Wrangler Dani

Writer, editor, wife, adoptive mama and cowgirl living in beautiful Central Oregon.

Gratitude Project: Better Late than Never

For the last few years, I’ve tried to post a blog about gratitude every day in the month of November. This year, November came dashing around the corner like a new driver on Red Bull and so I am just now catching my breath and considering what gratitude looks like this time around. This is a weird season of life – I think that my heart is so full that every emotion lies in waiting to bounce out; like my heart is so close to bursting that sorrow and joy and love and shame and fear and hope just all clang together in a tight space as one or another bubbles to the top.

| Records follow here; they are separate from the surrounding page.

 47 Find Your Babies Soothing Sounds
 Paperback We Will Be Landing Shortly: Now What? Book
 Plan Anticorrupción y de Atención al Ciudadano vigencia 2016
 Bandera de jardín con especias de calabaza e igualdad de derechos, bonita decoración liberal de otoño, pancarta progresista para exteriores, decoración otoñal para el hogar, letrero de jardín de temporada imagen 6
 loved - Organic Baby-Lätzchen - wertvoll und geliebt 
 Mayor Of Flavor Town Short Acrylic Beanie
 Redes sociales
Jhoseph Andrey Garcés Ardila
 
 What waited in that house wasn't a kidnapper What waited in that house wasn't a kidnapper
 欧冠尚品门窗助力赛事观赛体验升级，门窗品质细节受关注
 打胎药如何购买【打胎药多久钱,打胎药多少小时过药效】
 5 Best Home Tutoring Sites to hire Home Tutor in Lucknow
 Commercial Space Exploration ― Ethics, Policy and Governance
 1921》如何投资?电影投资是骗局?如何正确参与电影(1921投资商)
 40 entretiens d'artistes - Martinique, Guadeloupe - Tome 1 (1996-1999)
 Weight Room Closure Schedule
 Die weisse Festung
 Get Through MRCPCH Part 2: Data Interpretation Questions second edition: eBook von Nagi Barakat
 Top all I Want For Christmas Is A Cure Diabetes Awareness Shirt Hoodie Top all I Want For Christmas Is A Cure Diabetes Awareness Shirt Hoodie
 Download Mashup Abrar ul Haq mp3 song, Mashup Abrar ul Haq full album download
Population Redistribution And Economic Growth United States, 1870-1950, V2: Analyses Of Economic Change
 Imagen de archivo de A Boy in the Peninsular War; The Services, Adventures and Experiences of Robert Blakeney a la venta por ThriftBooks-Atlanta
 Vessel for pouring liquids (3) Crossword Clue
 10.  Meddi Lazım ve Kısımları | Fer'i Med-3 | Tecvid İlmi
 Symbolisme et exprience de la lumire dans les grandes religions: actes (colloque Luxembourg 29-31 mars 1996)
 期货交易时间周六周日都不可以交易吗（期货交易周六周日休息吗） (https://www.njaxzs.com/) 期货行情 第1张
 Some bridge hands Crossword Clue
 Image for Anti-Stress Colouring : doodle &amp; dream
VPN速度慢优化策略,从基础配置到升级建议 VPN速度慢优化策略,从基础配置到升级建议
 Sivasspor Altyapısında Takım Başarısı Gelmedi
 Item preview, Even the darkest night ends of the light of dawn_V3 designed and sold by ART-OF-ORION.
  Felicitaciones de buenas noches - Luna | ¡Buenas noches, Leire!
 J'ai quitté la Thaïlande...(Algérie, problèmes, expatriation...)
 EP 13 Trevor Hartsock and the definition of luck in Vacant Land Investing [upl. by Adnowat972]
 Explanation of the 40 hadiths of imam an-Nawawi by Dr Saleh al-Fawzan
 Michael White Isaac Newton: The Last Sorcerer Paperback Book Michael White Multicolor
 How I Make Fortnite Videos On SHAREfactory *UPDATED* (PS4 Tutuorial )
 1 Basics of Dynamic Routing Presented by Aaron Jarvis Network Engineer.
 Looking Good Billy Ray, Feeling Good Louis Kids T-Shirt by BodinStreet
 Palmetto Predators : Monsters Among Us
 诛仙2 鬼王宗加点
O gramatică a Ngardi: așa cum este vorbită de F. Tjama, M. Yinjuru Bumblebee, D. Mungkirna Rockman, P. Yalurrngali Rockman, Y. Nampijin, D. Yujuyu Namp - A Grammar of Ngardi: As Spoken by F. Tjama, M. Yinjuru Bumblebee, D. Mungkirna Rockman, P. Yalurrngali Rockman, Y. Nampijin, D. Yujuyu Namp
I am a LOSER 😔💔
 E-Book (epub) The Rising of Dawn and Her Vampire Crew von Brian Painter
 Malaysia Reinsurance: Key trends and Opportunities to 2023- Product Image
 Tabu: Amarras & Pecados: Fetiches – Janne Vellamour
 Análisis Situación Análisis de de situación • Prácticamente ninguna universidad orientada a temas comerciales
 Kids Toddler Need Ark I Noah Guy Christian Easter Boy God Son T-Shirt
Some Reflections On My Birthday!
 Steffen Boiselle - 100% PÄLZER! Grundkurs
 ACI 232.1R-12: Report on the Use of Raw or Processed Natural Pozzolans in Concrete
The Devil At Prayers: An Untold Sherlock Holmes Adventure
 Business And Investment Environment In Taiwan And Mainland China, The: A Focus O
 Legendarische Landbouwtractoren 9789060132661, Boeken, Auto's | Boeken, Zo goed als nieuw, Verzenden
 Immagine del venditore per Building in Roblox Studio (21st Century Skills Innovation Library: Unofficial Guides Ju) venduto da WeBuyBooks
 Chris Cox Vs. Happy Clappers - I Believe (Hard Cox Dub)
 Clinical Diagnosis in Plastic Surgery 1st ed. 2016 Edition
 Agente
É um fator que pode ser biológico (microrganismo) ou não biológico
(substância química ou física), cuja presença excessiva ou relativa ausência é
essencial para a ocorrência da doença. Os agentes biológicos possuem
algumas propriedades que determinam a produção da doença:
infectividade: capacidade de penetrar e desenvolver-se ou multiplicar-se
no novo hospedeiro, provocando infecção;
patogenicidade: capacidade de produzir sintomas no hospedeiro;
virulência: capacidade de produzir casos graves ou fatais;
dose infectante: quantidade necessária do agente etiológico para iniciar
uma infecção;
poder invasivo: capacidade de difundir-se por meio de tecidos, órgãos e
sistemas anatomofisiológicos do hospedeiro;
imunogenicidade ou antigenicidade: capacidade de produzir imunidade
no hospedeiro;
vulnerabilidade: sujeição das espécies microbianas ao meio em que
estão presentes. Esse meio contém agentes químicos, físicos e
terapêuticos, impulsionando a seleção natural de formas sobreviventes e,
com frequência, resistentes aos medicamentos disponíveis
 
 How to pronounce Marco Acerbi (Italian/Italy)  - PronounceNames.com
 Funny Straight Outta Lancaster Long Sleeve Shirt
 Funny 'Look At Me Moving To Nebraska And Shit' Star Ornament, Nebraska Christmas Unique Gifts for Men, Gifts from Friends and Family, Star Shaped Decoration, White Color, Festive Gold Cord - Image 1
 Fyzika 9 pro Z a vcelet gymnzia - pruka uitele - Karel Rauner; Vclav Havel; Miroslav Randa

But I am finding gratitude even as I figure out how to navigate what my pesky little heart means by all of this overflow. Because it is far better to be fully warm, alive and at risk for tears than cold but safely navigating both joy and pain. I guess I don’t want to watch life play out from the bleachers rather than duking it out on the field, despite the reality that skinned knees and bruised egos will surely follow.

Today I’m grateful for the experience of this season. I’ve been surprisingly sad lately about being gluten-free even though it’s been more than a year since that became the new normal. I’ve been laughing with my baby and thrilled to see her laugh back. I’ve been relishing hikes as a family, Adam’s hand in mine, the little jokes and silly asides that make us us. Good and bad mingle just like that, don’t they? Because I crave a decent cheeseburger and a beer and find myself irrationally sad when that is not possible on a gluten-free diet, and then Adam builds a fire in our new fireplace and we snuggle up together as the wind howls outside and I am reminded that this is what matters – this is home and love and family and who cares if gluten-free hamburger buns are less-than-magical. So today I’m going to be grateful for these emotions, if that makes sense. Because life is hard, and I want to be real and honest and comfortable with some tears now and then. But I am not going to live only in the hard stuff either – because every hard thing has created a good thing – like going gluten-free reminding me of the kindness of strangers and the care of my husband, or the pain of a long adoption wait revealing the most gorgeous and unequaled daughter in the world – our very own, meant-to-be baby girl.

Today I’m grateful for the emotional jostling that gives depth and meaning, and for the hope that we can only feel if we’ve lived through a tough season or two. Today I am cheering for my family, drinking deeply of beauty and letting the hard stuff roll through without clinging to it or fearing it. Because we all have hard stuff in life – what makes us different is what we do with it.